- **Exercise details**: After finding the line with "Portrait of relaxed woman taking shower" in the data below, set down exactly each line through the one with "a kitchen with", inclusive, and stop there.

### Extracted entries ###

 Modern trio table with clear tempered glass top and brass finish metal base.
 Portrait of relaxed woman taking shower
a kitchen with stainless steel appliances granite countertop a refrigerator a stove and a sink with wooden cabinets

###
### Extracted entries ###

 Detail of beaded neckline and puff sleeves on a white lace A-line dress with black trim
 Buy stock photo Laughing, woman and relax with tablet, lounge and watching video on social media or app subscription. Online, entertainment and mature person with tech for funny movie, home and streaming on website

###

- **Exercise response**:
 Portrait of relaxed woman taking shower
a kitchen with stainless steel appliances granite countertop a refrigerator a stove and a sink with wooden cabinets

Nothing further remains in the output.